(EXERCISE BRIEF): The reply should be an exact repeat of the listing, with no pictures in it.

(THE DATA):

━━━━━━━━━━━━━━━━━━━━━━━━━━━━━━

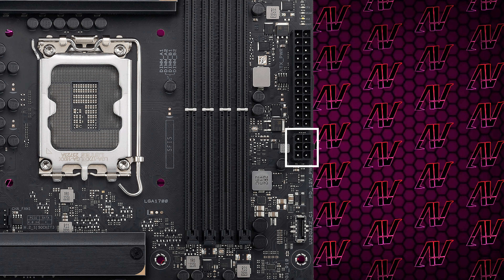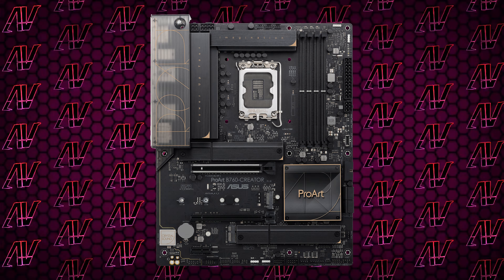One very interesting thing when it comes to power is this additional 6-pin next to the motherboard's 24-pin connector. It is an auxiliary PCIe connector to drive some more power to your PCIe expansion cards if necessary. It's a nice feature in theory, but I don't think too many people really care about it.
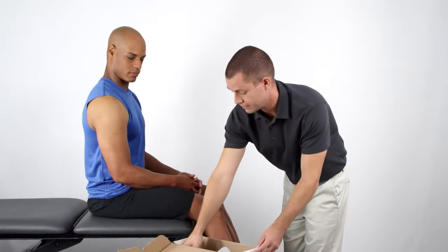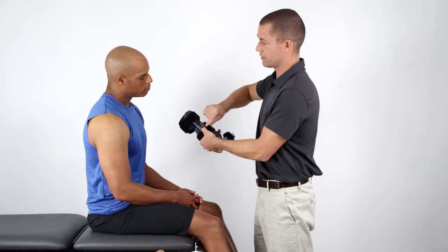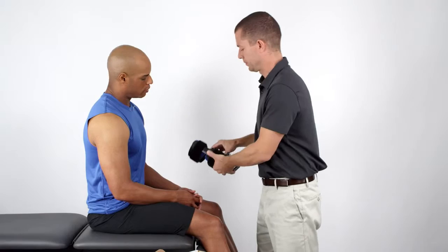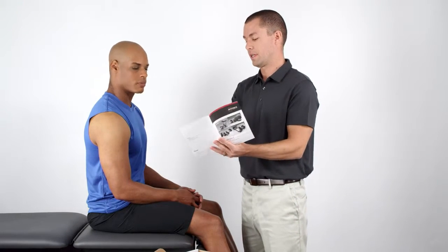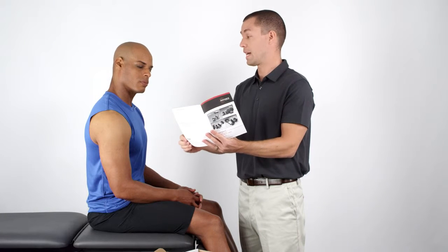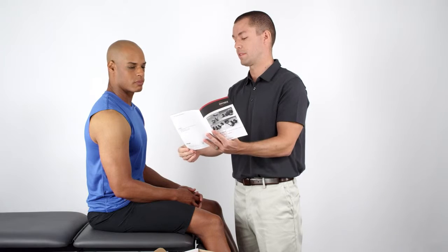After you remove the device from its carton, check the labels on the inside strut to make sure you have the correct unit. Then review the features of the Advanced Wrist Orthosis. The instruction manual features a diagram that explains the components and performance benefits of the device.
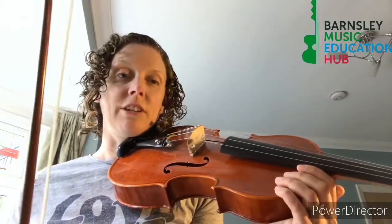A few tips before you play air bow. I'm going to play it on my viola, but you can do it on a violin or a cello.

━━━━━━━━━━━━━━━━━━━━━━━━━━━━━━

(TASK RESPONSE):
One very interesting thing when it comes to power is this additional 6-pin next to the motherboard's 24-pin connector. It is an auxiliary PCIe connector to drive some more power to your PCIe expansion cards if necessary. It's a nice feature in theory, but I don't think too many people really care about it.
After you remove the device from its carton, check the labels on the inside strut to make sure you have the correct unit. Then review the features of the Advanced Wrist Orthosis. The instruction manual features a diagram that explains the components and performance benefits of the device.
A few tips before you play air bow. I'm going to play it on my viola, but you can do it on a violin or a cello.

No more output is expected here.